Rather than tease you with a witty, or even humorous opening paragraph, I’m going to instead jump right to the dessert. Because really, who doesn’t love dessert?

As I recently discovered with an organization, adding disclaimers to calendar invite emails can cause problems and confusion for end users. When an individual shares their calendar, we would expect the recipient to the see follow invitation in Outlook.

 

Outlook 2016

 

The recipient simply clicks “Open this Calendar” and magic happens.

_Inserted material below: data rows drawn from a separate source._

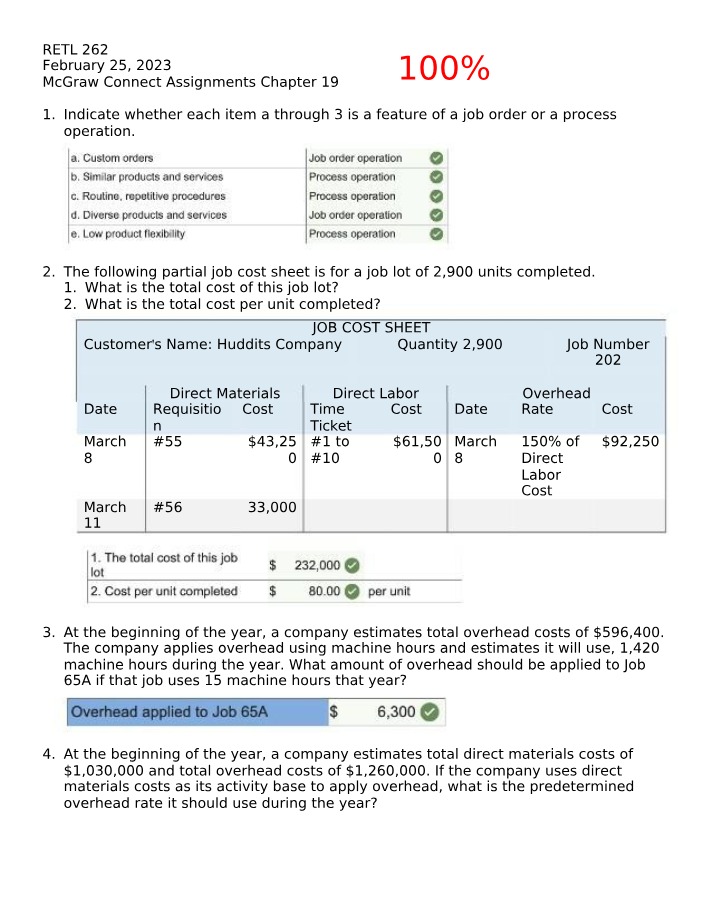 Chapter 19 McGraw Connect Assignments - RETL 262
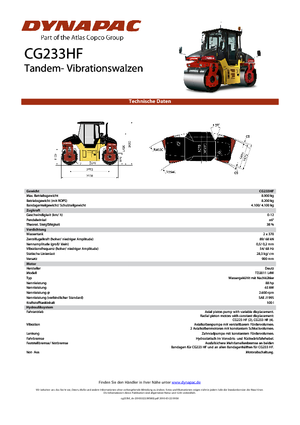 Tandem-Vibrowalzen Dynapac CG 233 HF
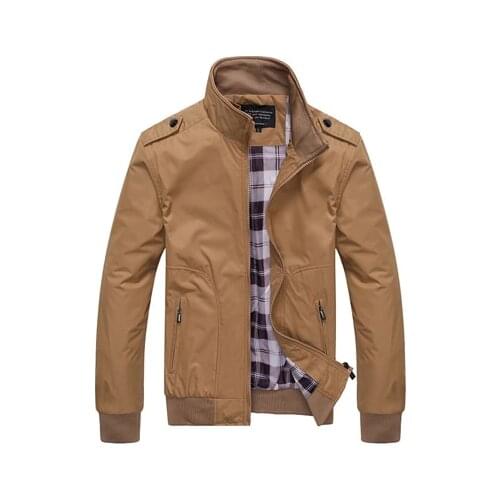 Mens Jackets Spring Autumn Casual Coats Solid Color Mens Sportswear Stand Collar Slim Jackets Male Bomber Jackets Plus Size 7XL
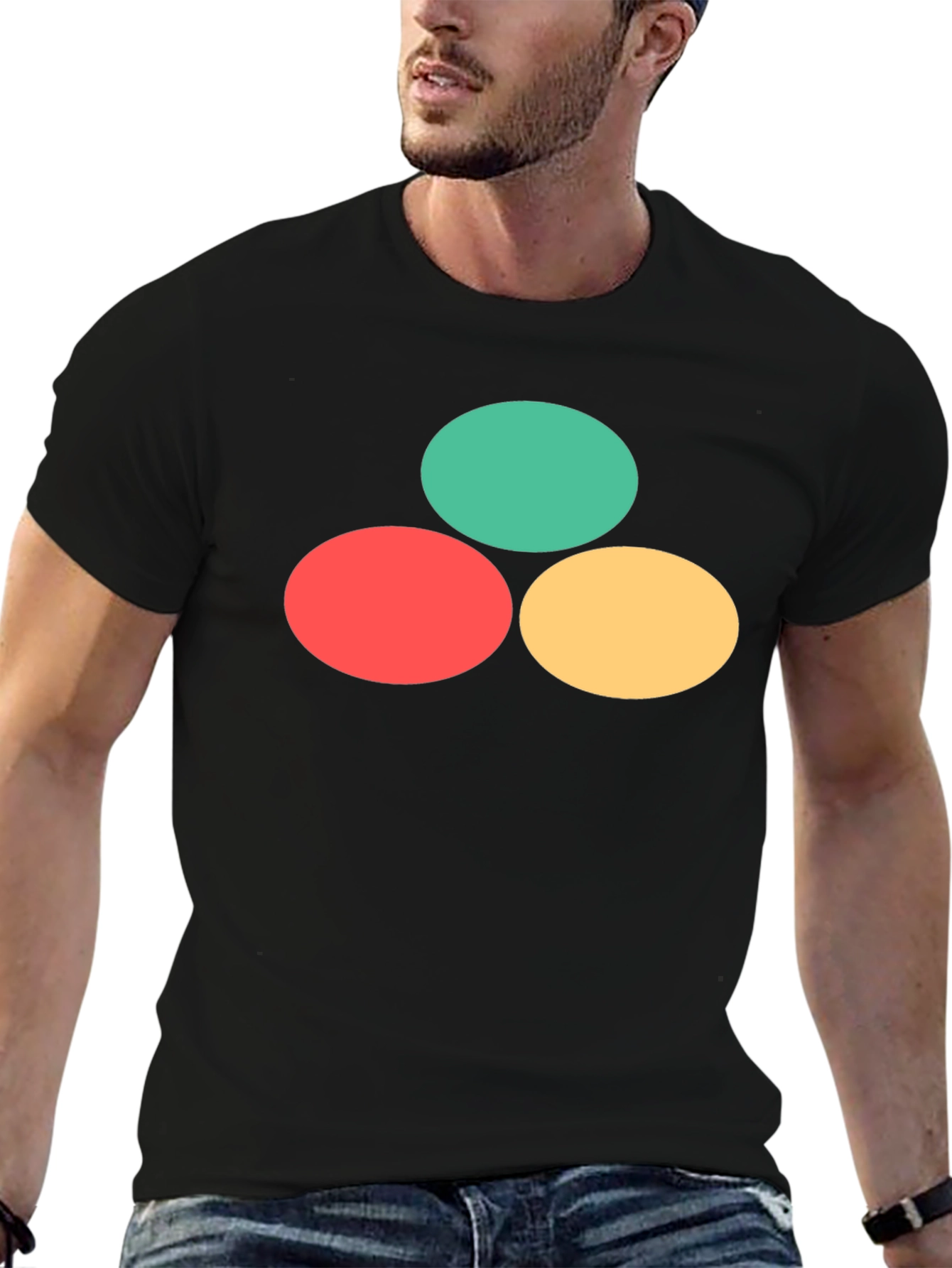 Color Circle Graphic Black T-Shirt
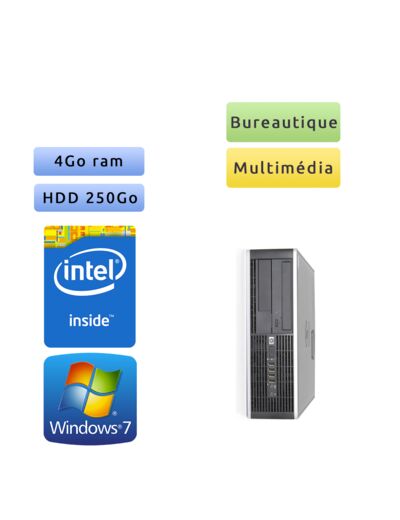 Hp 8000 Elite SFF - Windows 7 - 2.7Ghz 4Go 250Go - Port Serie - PC Tour Bureautique Ordinateur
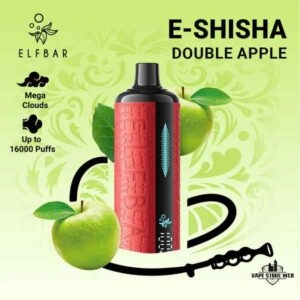 ELF BAR E Shisha 16000 Puffs Mega Cloud DTL 5MG Disposable Vape Price In Dubai Double Apple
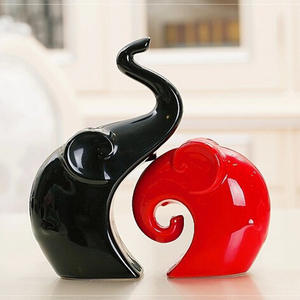 modern home decorative items elephant Ornament red black Ceramics home decor items for living room bedroom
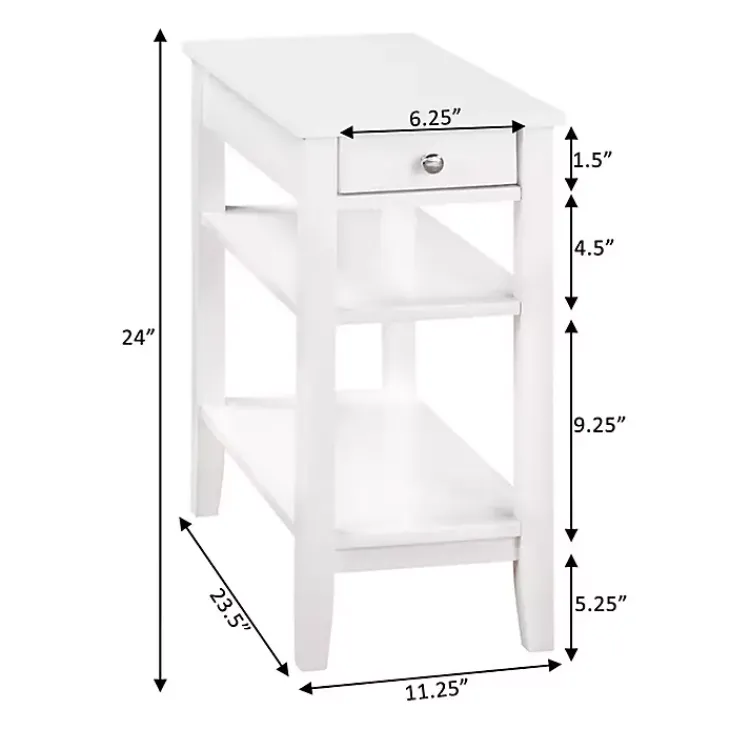 Kirklands Home 2-Shelf Charging Accent Table White New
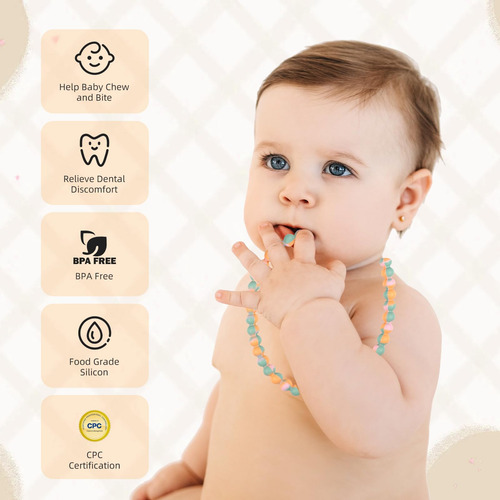 Colar De Dentição Para Bebê, 2 Peças De Colares De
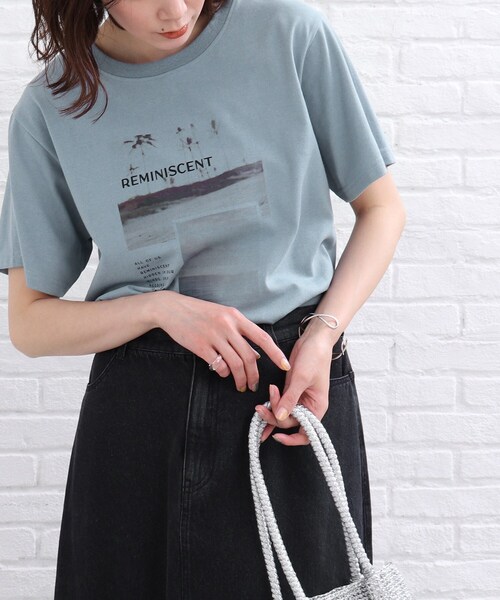 SHOO・LA・RUE(シューラルー)の「◆カラーフォトプリントTシャツ(Tシャツ/カットソー・レディース・ライトブルー/ホワイト系・01/02/03)」の1枚目の写真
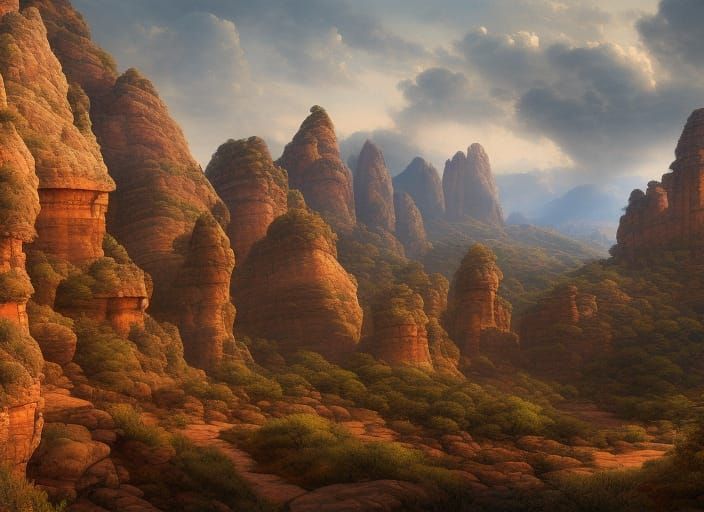 Grand Rocky Landscape in Oil Painting Style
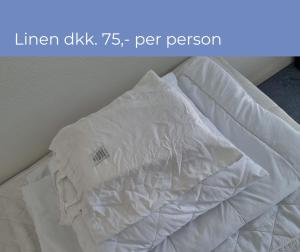 almohada blanca encima de la cama en Danhostel Rønde, en Rønde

In OWA, the received sharing invite would look like this.

 

OWA

 

The user simply clicks “Accept.”

The problem arises if a transport rule tries to add a disclaimer to this inbound sharing invitation. First, some background. If a transport rule cannot add a disclaimer, the default action it takes is to wrap the message.

 

wrap

 

This means that the original message will be attached as a .eml file to a new message which will contain the disclaimer.

Here’s what the same calendar invite looks like in the desktop Outlook client after a transport rule has wrapped the message to add a disclaimer.

 

Outlook 2016 problem

 

There’s no “Open this Calendar” button here because the original invite is the attachment. The recipient will need to first open the attached message, and from there they can open the shared calendar. Although this is more clicks, the recipient can still open the shared calendar.

The OWA experience is not so… user friendly. In OWA, the recipient will see the attachment, but unfortunately OWA can’t open .eml files. This can be seen below.

 

owa problem

 

The user could download the .eml file and try to open it from their computer, but they have most likely already called their help desk.

 

Resolution

The best course of action here is to not add disclaimers to calendar invitation emails. This can easily be done by adding an exception clause to the existing transport rule. The transport rule exception would contain, “Except if… The subject or body includes…”

  • has invited you to view his or her Microsoft Exchange Calendar
  • Sharing invitation
  • Sharing request
  • I'd like to share my calendar with you

Here’s how our modified transport rule would look after the above exception was added.

 

transport rule

 

With this in place, the transport rule will no longer trigger on calendar invitation emails, and thus leaving the end user with a positive experience (we hope!).

Comments (2)

  1. Andy David says:

    Don't forget you also need text from the disclaimer itself added to the exception as well so the disclaimer doesnt keep appending to a message will multiple replies!

    1. Thanks Andy, very good point!